Italian cookie recipes
Recipe
Thin Almond Bread Biscotti Recipe
Ingredients
- 3 cups all purpose flour 425 grams
- 5 eggs separated, room temperature
- 1 cup sugar 198 grams
- 1½ teaspoons vanilla extract
- 1½ cups roasted almonds whole (see note)
- pinch of salt
Instructions
- Preheat oven to 350° F. Position the rack in the center.
- Line a large baking sheet with parchment paper, alternatively, if using, coat pans with a non-stick spray.
- In a medium bowl, sift flour. Set aside.
- In a large mixing bowl or bowl of an electric mixer fitted with a whisk attachment beat the yolks.
- Add the sugar. Whisk together.
- Add vanilla extract.
- Switch to the paddle attachment. Add flour to the egg mixture and incorporate. The mixture will look like bread crumbs.
- With a wooden spoon, incorporate the almonds. Set aside.
- In a large mixing bowl or bowl of an electric mixer fitted with the whisk attachment beat the egg whites with a pinch of salt until they reach the stiff peak stage.
- Fold whites in flour and nut mixture.
- Divide dough into quarters. Place each quarter on the cookie sheet, shaping it into a log. I find it easier if my hands are slightly moistened with water. Alternatively, divide the dough in half and place in loaf pans. (9.25×5.25×2.75)
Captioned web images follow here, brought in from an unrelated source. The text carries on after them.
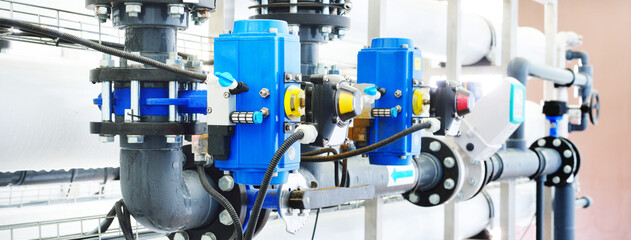 Large industrial water treatment and boiler room. Shiny steel metal pipes and blue pumps and...
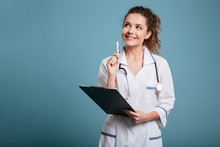 Portrait Of A Thoughtful Female Doctor Or Nurse Holding Clipboard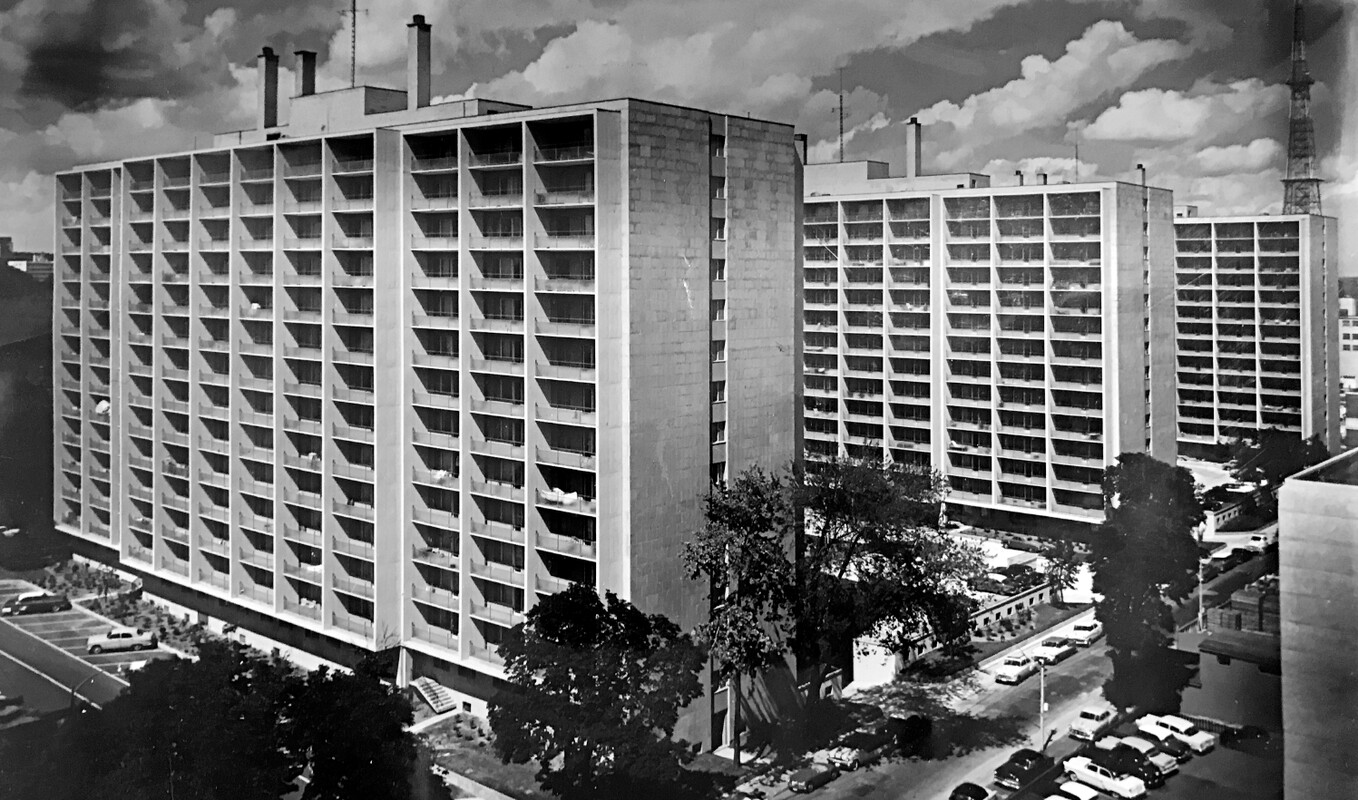 Slight aerial photo of three identical apartment buildings in a modern, post-war architectural style arranged in a row.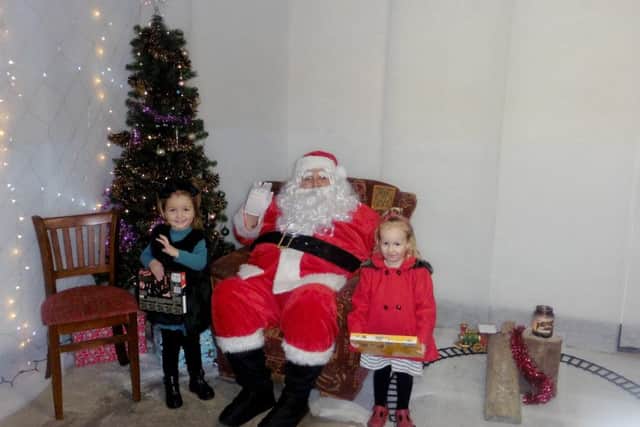 The Cross Keys landlord Kevin Stapley with Willow Cooper and Iris Parker, both three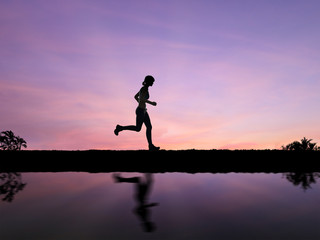 silhouette woman running on twilight background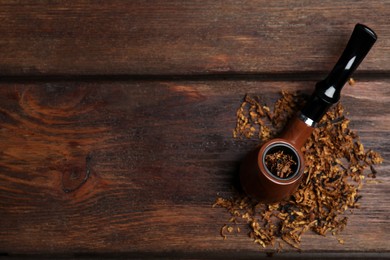 Photo of Smoking pipe and dry tobacco on wooden table, flat lay. Space for text
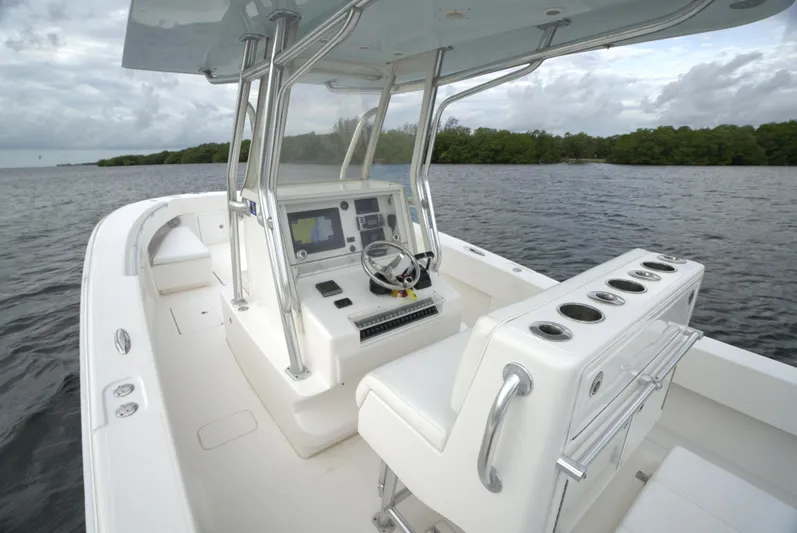  Yacht Photos Pics Invincible 33 boat, 2012 model, featuring a sleek console and seating on calm waters.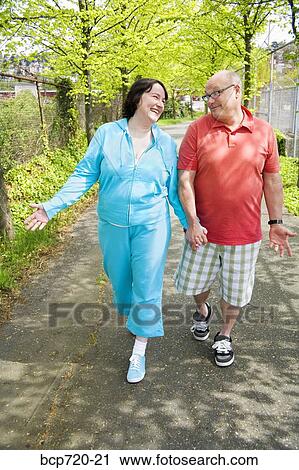 Couple walking outside View Large Photo Image Stock Image - Couple walking outside. Fotosearch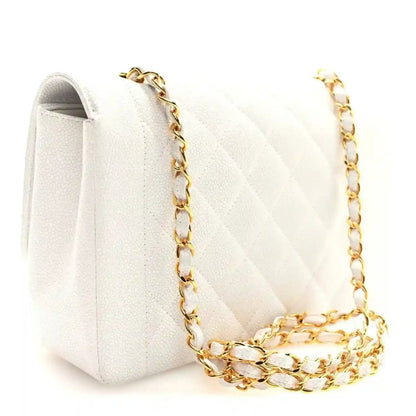 White Chanel caviar quilted single-flap bag with gold chain and open side view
- Bake for approximately 15-20 minutes or until firm to the touch (it will take a little longer in the loaf pans).
- Remove from oven, wrap in clean dish towels and allow to cool down.
- Once cool, transfer loaves to a cutting board.
- Using a serrated knife, slice cookies about ⅛-inch thick (or thinner).
- Place slices on the baking sheets, and bake for about another 10-15 minutes (the longer they stay in the oven, the crispier they get).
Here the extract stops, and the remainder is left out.